Павлик знал: с китайцами можно иметь дело. Это в целом неагрессивная и трудолюбивая нация. В отличие от корейцев и кавказцев, которые на всем Дальнем Востоке вели постоянные кровавые войны с русскими криминальными группировками, китайцы все вопросы решали деньгами. У них можно было многое купить, им можно было многое продать. Это практически бездонный рынок сбыта, за который все перечисленные мафии бились насмерть.
Конечно, дела, которые имела с китайцами семья Павлика, были гораздо мельче и безопаснее. Мама Павлика ездила в Китай за шмотками, одевая семью и продавая часть за прилавком все на том же китайском рынке. Папа ездил за бытовой техникой — привозил магнитофоны, видики, телевизоры, стиральные машинки и пылесосы. И тоже продавал их на китайском рынке. Он, впрочем, быстро понял, что топчик — это машины из Японии.
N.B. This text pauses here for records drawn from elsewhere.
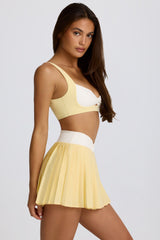 Soft Active Crossover Pleated Mini Skort in Lemon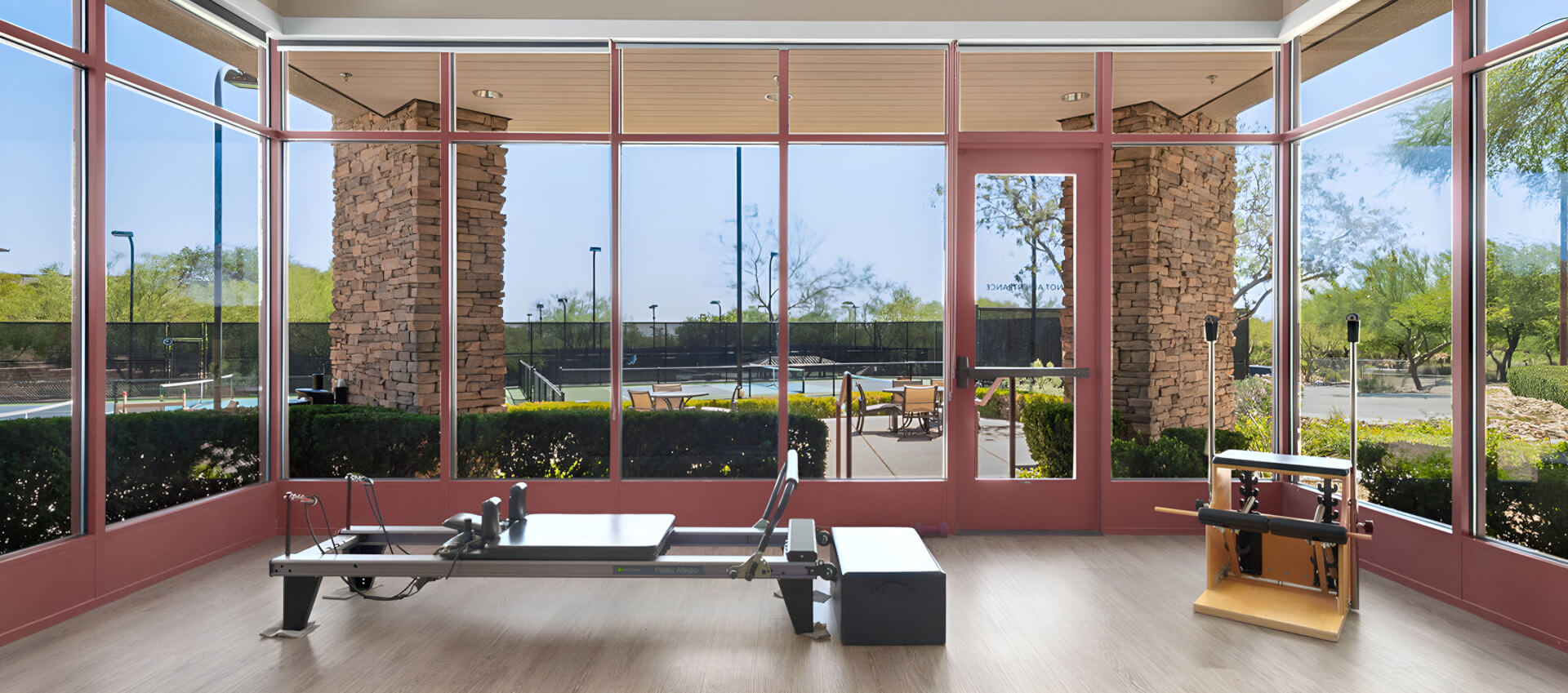 A gym area equipped with diverse exercise machines and fitness tools.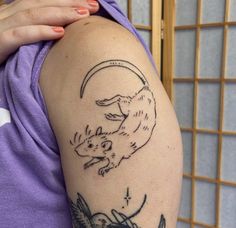 a woman with a tattoo on her arm has a wolf and bird design on it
Едва накопив первые 2 тысячи долларов, он получил японскую туристическую визу, купил билет на пароход и отправился в город Фусики за своей первой «Тойотой Короллой». Когда пароход вошел в порт, японские таможенники приняли Гену Морошкова за русского миллиардера. И очень удивились, когда он пешком дошел до автостоянки и купил всего одну недорогую машину. Дело в том, что все остальные пассажиры парохода прибыли в Страну Восходящего Солнца по паспортам моряков, и официально туристом на всем судне являлся только один человек. Поэтому чиновники и подумали, что он зафрахтовал весь пароход для одного себя. Потом Гена исправил свою оплошность и уже в следующий рейс поплыл по свежевыпеченному паспорту моряка: имея профессию механика-дизелиста железнодорожной реф-секции, он и в новом документе стал механиком-дизелистом.